Posted on February 21, 2020
Many business owners wish that they had correctly structured their business assets from day one, and not put all their eggs in the same basket just because this has been an easy option to finance the business acquisition or to achieve simplicity and reduce initial costs.
Transferring assets to fix inappropriate structuring choices or gain asset protection at a later stage of the business life can be a complex and costly process resulting in significant tax liabilities.
If you have a business asset that you wish to take out of a trading entity, we have some good news for you.
A few days ago the Government introduced a Bill to give effect to its 2015 Budget promise of a small business rollover.
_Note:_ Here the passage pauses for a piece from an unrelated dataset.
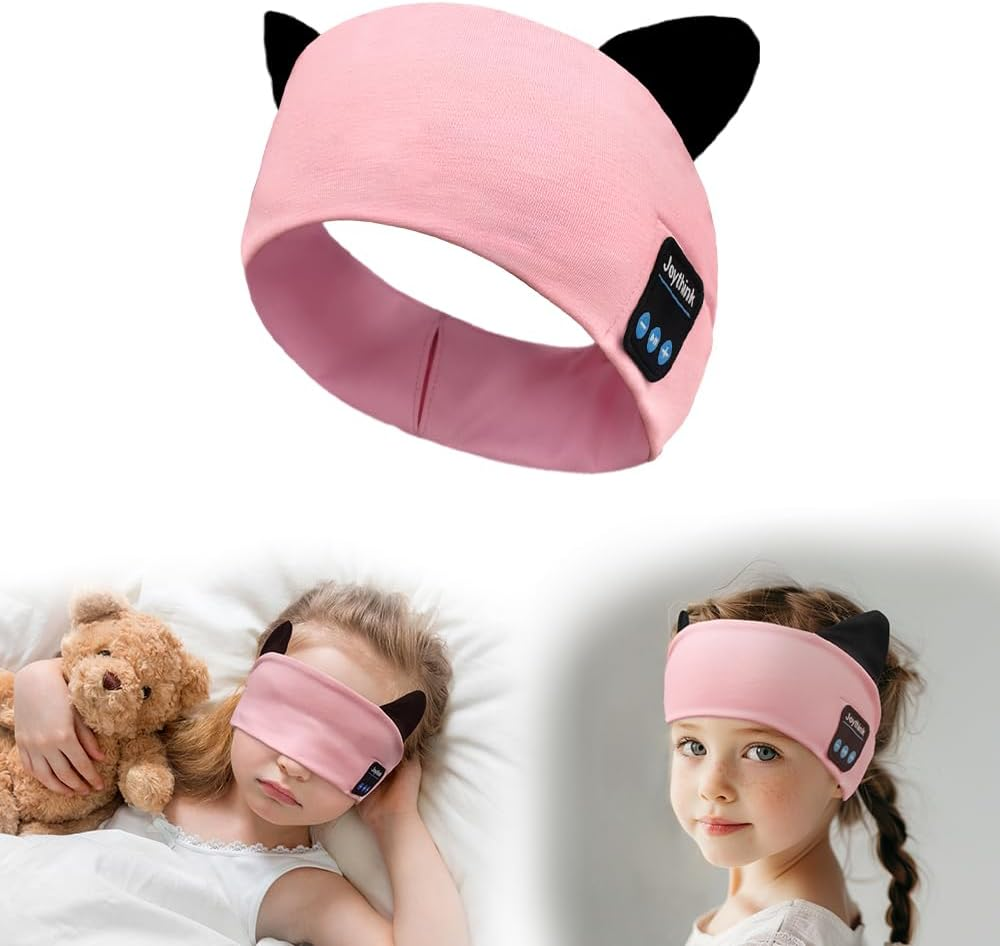 Joythink Kids Bluetooth Headband Headphones Sleep Mask Wireless Earphones Built in Thin Speaker Kids Adjustable Sports Headset Sleep Headband for Girls Boys Toddler Children Baby Airplane Travel Study Purple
The measure is to apply from 1 July 2016 and will allow a small business entity, and certain entities connected to a small business entity, to rollover an active asset to another entity structure.
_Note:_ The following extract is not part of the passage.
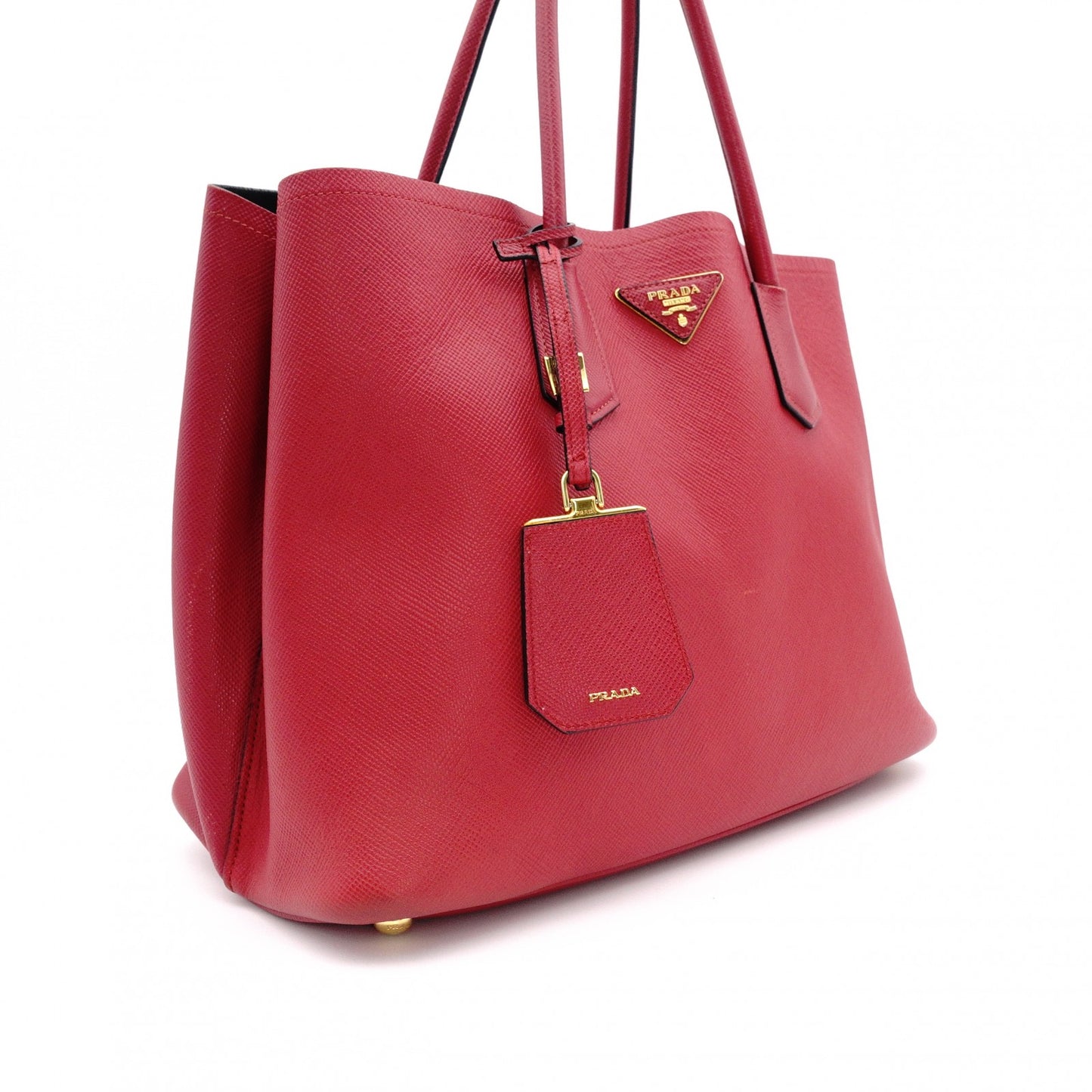 PRADA Saffiano Leather Tote Bag, Red Leather with Gold Hardware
Small business entities will have the opportunity and ability to take an active business asset owned by a trading entity out of that entity without triggering tax. For example, the rollover will allow a company that owns a plant and the building it operates from, to move that plant or the building (or both) out of the company and into a family trust without triggering capital gains tax or income tax.
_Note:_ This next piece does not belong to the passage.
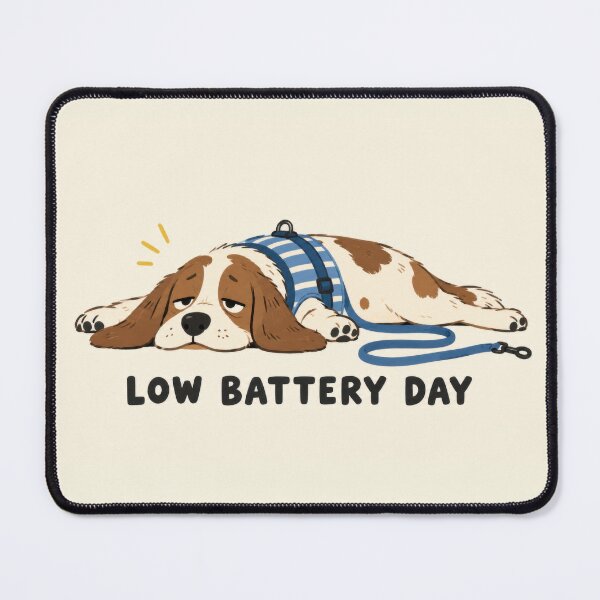 Item preview, Low battery day for a tired dog designed and sold by anytka.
A small business entity is broadly an entity that, together with entities related to it, has a turnover of less than $2 million.
An active asset is broadly an asset that is used in a business being carried on by the entity that owns the asset, or an entity that is connected with it. For example, goodwill of a business is likely to be an active asset of the business owner, and if an entity owns a property from which it conducts its business, then the property is likely also to be an active asset.
Don’t get excited yet. The new measure comes with eligibility criteria and contains rules designed to prevent taxpayers from using the rollover simply to get a tax benefit.
The anti-avoidance part of the measure requires that the restructure be part of a ‘genuine’ restructure. A restructure will be a ‘genuine’ and not solely tax-driven restructure if you can meet certain “safe harbor” criteria in relation to assets you transfer that are ‘significant’. The safe harbour applies if for three years after the assets are transferred:
there is no change in the underlying economic ownership of any of the significant assets (with an exception for trading stock),
the significant assets transferred continue to be active assets, and
there is no material or significant private use of the significant assets transferred.
Bear in mind that restructuring a small business entity can still result in potential State and Territory Duty.
The new measure will provide great opportunities to small businesses and will be welcomed by the business owners.